### Task description
After finding the line with "IndianaCCA's tweet image." in the entries below, retype exactly each line from there through the line with "JJ CARE Aderezo", including that final line.

### Data under study
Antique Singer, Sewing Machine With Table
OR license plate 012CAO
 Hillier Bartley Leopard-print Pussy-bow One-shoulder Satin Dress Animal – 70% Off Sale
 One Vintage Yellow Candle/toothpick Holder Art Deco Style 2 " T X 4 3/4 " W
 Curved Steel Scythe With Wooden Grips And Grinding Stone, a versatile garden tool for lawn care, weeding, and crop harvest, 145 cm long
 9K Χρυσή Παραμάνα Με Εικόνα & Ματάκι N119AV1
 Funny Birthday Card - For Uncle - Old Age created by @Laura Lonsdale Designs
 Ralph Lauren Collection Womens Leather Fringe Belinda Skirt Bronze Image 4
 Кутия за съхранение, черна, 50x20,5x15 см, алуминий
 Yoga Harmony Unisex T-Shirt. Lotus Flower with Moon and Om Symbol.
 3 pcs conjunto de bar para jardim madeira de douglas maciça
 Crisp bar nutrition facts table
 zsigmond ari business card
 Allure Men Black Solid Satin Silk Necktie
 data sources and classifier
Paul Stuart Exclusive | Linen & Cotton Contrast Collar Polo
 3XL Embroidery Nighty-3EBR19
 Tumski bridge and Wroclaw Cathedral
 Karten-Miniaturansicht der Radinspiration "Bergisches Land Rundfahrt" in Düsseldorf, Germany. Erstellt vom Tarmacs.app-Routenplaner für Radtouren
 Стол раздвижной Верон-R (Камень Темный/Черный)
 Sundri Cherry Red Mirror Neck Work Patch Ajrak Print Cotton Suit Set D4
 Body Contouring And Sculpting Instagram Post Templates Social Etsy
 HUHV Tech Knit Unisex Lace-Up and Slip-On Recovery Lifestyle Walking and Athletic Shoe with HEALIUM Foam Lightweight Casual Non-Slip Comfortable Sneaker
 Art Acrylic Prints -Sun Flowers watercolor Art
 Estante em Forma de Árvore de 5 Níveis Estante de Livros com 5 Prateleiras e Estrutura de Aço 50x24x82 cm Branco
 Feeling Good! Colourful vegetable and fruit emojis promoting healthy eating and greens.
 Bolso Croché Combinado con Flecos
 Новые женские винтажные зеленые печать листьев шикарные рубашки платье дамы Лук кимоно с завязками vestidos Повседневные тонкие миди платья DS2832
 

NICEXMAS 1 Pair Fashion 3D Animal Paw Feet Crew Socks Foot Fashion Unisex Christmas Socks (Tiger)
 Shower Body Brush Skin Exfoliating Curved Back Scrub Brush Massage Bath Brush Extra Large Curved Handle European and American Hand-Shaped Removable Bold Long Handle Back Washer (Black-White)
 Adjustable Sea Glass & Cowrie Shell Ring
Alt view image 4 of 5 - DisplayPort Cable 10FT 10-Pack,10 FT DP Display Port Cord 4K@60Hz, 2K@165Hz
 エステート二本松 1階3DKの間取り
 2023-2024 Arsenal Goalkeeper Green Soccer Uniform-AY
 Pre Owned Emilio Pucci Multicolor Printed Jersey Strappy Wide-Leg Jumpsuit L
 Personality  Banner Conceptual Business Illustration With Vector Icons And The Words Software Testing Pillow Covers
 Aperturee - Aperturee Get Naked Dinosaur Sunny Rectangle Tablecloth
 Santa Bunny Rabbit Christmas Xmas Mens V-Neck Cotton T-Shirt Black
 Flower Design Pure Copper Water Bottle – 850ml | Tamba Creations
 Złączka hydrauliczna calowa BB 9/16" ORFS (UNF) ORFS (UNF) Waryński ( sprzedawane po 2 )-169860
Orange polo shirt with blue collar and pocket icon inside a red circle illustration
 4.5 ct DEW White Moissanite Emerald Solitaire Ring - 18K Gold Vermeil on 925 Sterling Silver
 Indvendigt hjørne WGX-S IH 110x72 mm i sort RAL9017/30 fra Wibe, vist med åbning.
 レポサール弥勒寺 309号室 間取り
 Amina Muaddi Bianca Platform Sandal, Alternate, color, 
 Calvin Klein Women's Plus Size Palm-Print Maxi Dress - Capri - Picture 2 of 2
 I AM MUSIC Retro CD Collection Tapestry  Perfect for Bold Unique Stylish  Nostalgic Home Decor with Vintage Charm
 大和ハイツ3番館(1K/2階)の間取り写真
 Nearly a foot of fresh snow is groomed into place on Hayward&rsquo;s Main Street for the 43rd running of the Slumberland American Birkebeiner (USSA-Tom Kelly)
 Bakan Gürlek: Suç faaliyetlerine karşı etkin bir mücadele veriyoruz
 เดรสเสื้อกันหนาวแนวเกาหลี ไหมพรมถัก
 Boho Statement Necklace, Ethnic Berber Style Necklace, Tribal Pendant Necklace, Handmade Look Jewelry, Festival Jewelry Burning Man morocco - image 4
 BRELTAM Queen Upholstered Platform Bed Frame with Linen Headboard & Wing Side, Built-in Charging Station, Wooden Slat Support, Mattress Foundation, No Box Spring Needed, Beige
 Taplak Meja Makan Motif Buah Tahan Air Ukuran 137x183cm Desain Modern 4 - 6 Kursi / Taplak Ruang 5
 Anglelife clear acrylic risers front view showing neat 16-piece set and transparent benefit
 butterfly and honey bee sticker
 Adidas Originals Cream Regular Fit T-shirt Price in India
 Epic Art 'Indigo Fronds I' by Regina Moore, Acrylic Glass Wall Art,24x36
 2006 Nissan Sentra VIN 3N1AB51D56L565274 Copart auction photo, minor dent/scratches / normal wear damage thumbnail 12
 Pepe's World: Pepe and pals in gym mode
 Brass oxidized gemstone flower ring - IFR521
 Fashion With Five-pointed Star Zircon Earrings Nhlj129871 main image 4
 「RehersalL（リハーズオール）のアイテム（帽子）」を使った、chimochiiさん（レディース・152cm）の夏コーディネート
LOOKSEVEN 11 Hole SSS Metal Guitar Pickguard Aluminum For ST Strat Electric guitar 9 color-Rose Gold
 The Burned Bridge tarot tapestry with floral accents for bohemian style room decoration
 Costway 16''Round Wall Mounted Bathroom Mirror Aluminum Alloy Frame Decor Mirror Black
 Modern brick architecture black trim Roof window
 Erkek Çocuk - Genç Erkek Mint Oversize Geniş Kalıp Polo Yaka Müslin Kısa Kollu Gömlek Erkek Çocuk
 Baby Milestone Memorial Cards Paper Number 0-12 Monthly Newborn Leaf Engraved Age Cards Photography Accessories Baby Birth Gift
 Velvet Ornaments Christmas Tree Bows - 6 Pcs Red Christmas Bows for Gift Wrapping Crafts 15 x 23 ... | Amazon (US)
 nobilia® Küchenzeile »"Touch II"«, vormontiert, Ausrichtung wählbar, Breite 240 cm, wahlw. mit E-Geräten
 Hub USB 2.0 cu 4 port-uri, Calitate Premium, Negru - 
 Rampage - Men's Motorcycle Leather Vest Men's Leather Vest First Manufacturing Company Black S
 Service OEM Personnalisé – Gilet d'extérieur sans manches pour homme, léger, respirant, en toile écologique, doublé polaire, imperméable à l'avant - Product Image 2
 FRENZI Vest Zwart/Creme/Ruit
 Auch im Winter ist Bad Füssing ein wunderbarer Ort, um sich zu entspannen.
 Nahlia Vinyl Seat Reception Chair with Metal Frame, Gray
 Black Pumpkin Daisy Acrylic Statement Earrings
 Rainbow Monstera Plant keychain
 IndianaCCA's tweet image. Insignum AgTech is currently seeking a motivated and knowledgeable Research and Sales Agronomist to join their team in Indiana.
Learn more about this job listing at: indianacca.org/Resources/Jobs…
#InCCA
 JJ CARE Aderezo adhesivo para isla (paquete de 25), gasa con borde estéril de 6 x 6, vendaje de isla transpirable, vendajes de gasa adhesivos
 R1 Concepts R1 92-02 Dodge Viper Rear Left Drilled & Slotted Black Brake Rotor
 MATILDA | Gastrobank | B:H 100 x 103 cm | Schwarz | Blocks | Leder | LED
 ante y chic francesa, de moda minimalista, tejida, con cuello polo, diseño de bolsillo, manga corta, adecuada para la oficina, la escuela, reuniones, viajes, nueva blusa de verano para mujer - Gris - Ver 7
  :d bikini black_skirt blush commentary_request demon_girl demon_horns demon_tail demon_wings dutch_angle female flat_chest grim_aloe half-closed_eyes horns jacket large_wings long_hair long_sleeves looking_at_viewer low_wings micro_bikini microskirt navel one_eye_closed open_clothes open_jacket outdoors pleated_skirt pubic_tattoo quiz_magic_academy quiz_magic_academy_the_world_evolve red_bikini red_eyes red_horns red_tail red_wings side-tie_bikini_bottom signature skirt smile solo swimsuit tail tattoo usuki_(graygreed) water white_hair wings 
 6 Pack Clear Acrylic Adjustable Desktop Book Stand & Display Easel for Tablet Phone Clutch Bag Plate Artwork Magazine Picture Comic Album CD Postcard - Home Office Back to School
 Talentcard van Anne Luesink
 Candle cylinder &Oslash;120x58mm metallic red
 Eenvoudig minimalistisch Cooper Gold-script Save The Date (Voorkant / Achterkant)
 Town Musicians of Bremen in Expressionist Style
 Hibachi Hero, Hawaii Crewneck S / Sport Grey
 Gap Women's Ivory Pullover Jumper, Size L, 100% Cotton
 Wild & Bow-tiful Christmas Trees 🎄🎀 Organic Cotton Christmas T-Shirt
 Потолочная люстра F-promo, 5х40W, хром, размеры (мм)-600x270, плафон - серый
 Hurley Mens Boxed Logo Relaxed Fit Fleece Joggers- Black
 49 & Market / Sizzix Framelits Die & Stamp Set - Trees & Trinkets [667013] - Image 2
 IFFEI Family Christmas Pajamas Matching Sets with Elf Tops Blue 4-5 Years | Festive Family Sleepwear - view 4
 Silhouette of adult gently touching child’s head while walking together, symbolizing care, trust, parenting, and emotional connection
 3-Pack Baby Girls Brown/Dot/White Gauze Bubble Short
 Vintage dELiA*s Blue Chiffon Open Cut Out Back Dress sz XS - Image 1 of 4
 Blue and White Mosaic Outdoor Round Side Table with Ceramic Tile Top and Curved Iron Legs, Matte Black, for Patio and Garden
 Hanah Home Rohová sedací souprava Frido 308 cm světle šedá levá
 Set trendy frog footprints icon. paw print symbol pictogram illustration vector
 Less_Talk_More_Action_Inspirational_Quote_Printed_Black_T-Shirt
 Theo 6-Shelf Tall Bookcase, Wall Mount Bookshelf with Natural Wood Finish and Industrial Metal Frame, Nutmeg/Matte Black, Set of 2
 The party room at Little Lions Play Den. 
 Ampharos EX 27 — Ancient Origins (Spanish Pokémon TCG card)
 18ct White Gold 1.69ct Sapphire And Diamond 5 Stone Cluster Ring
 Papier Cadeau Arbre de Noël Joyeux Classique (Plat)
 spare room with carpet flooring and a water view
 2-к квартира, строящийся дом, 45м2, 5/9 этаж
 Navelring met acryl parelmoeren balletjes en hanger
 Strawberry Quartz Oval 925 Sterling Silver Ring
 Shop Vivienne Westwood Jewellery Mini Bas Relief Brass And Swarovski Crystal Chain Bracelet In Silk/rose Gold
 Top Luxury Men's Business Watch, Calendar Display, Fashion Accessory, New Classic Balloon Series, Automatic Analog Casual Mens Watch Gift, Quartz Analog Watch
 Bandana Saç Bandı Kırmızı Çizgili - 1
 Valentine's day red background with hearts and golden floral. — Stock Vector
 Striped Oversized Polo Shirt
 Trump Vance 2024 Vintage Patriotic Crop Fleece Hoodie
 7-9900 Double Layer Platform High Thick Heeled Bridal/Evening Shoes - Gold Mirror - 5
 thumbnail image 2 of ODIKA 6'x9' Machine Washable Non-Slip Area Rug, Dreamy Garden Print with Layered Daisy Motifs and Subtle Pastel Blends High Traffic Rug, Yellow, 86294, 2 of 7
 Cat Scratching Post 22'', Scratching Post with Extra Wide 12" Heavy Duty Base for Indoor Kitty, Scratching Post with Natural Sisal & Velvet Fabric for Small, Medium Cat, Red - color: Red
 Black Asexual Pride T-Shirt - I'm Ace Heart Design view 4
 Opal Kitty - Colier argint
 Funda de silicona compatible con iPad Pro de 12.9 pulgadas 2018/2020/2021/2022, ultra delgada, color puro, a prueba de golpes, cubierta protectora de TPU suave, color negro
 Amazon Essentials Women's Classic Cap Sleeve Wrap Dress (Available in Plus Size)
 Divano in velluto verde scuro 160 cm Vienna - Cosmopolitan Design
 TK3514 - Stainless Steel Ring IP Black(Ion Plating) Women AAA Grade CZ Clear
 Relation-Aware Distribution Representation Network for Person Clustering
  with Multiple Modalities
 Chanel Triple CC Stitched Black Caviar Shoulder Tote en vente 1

### Result
 IndianaCCA's tweet image. Insignum AgTech is currently seeking a motivated and knowledgeable Research and Sales Agronomist to join their team in Indiana.
Learn more about this job listing at: indianacca.org/Resources/Jobs…
#InCCA
 JJ CARE Aderezo adhesivo para isla (paquete de 25), gasa con borde estéril de 6 x 6, vendaje de isla transpirable, vendajes de gasa adhesivos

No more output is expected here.